ABOUT THIS TASK:
Once the line holding "Left front window" is found in the entries below, transcribe exactly every line up to and including the one holding "Condo en alquiler", but leave out the pictures.

# # # # #

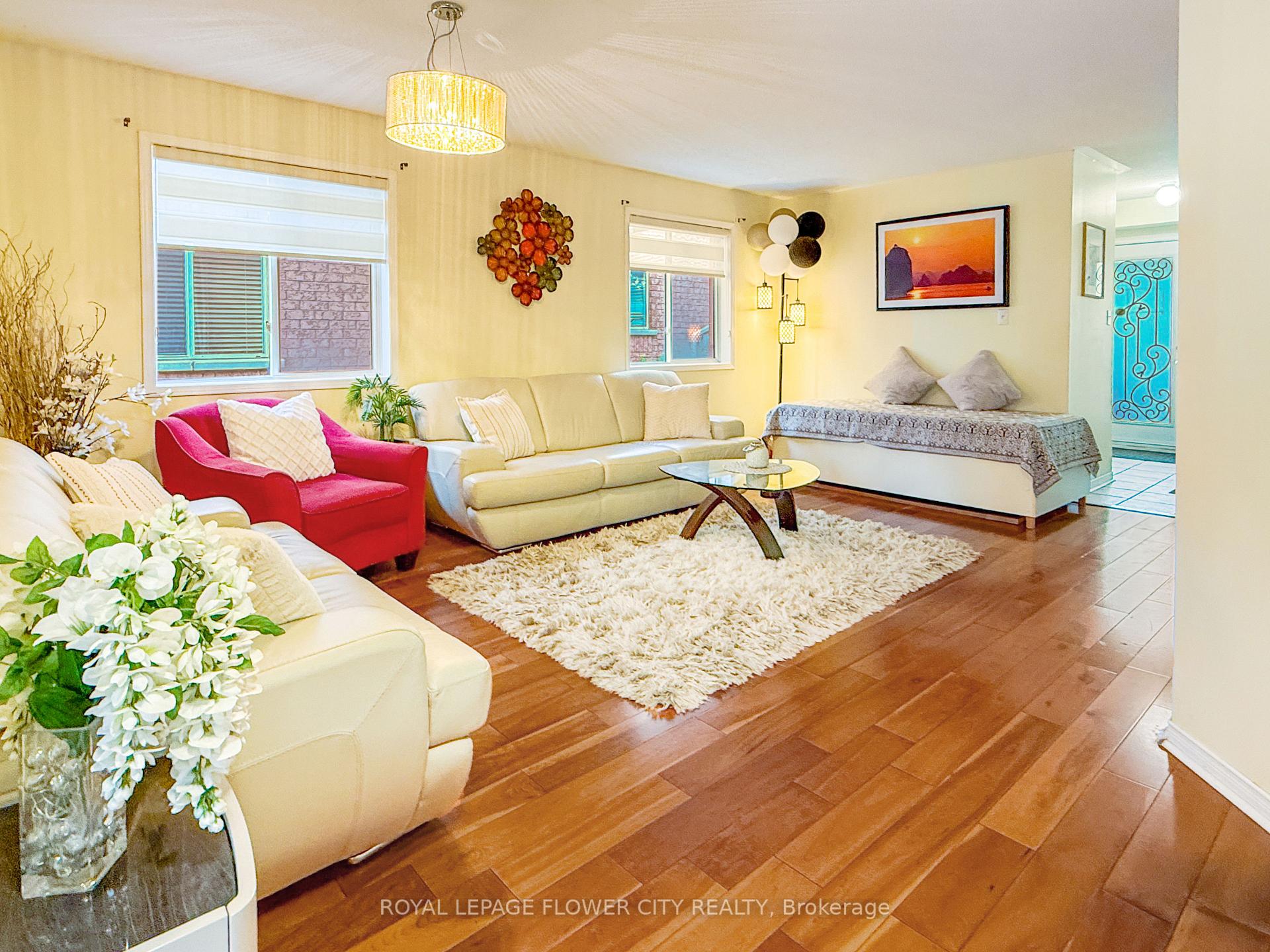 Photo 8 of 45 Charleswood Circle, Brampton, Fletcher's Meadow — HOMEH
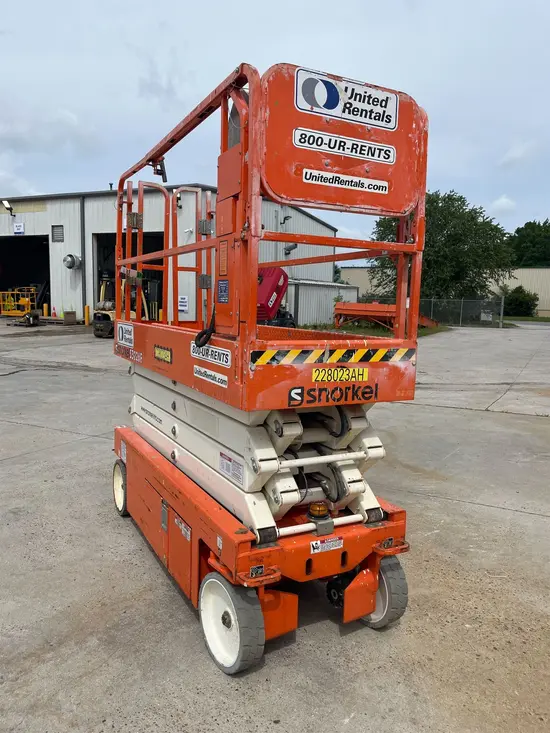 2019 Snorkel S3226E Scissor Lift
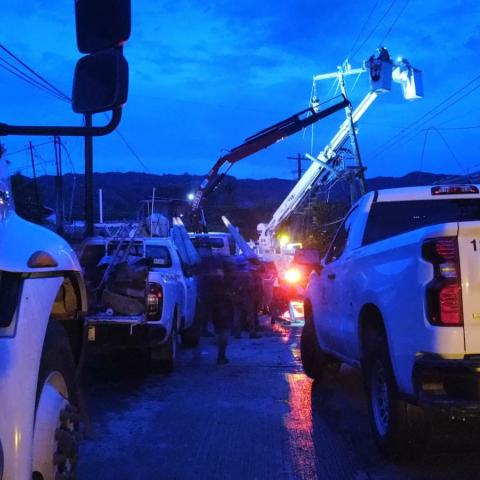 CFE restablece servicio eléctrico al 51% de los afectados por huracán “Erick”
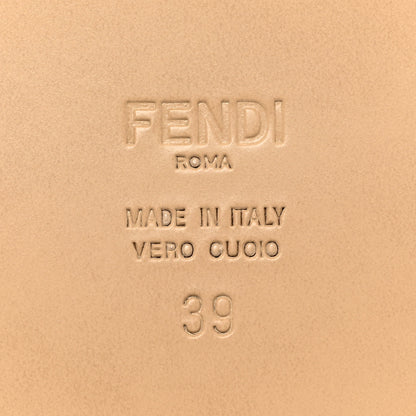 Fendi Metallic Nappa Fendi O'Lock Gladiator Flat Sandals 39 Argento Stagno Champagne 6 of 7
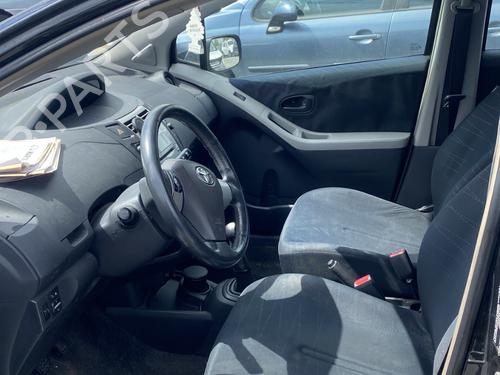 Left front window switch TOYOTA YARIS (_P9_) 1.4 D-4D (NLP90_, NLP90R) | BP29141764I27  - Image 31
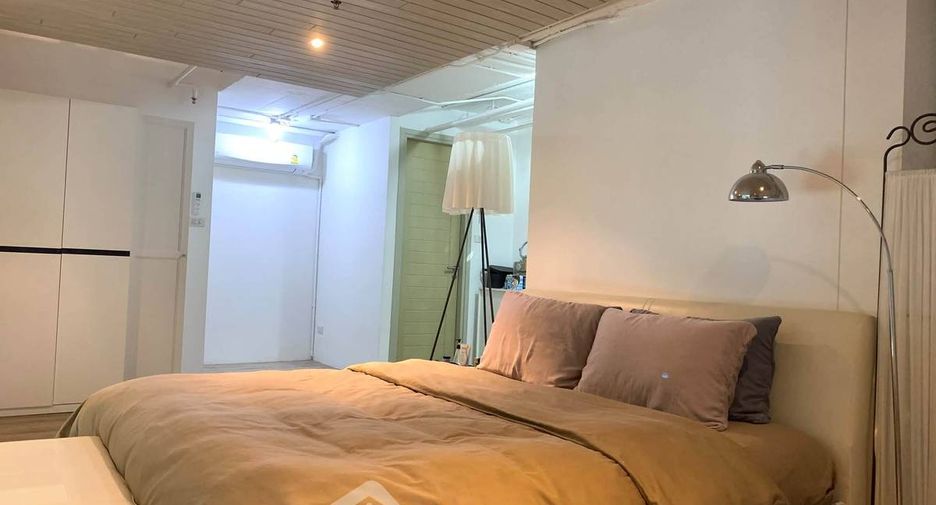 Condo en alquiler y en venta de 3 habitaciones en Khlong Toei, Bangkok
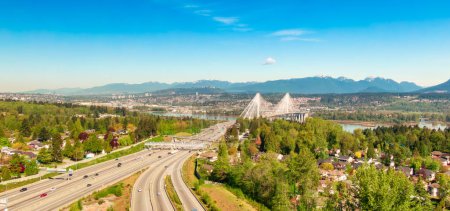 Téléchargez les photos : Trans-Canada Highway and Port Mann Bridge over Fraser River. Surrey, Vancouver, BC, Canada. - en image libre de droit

# # # # #

EXERCISE OUTPUT:
 Left front window switch TOYOTA YARIS (_P9_) 1.4 D-4D (NLP90_, NLP90R) | BP29141764I27  - Image 31
 Condo en alquiler y en venta de 3 habitaciones en Khlong Toei, Bangkok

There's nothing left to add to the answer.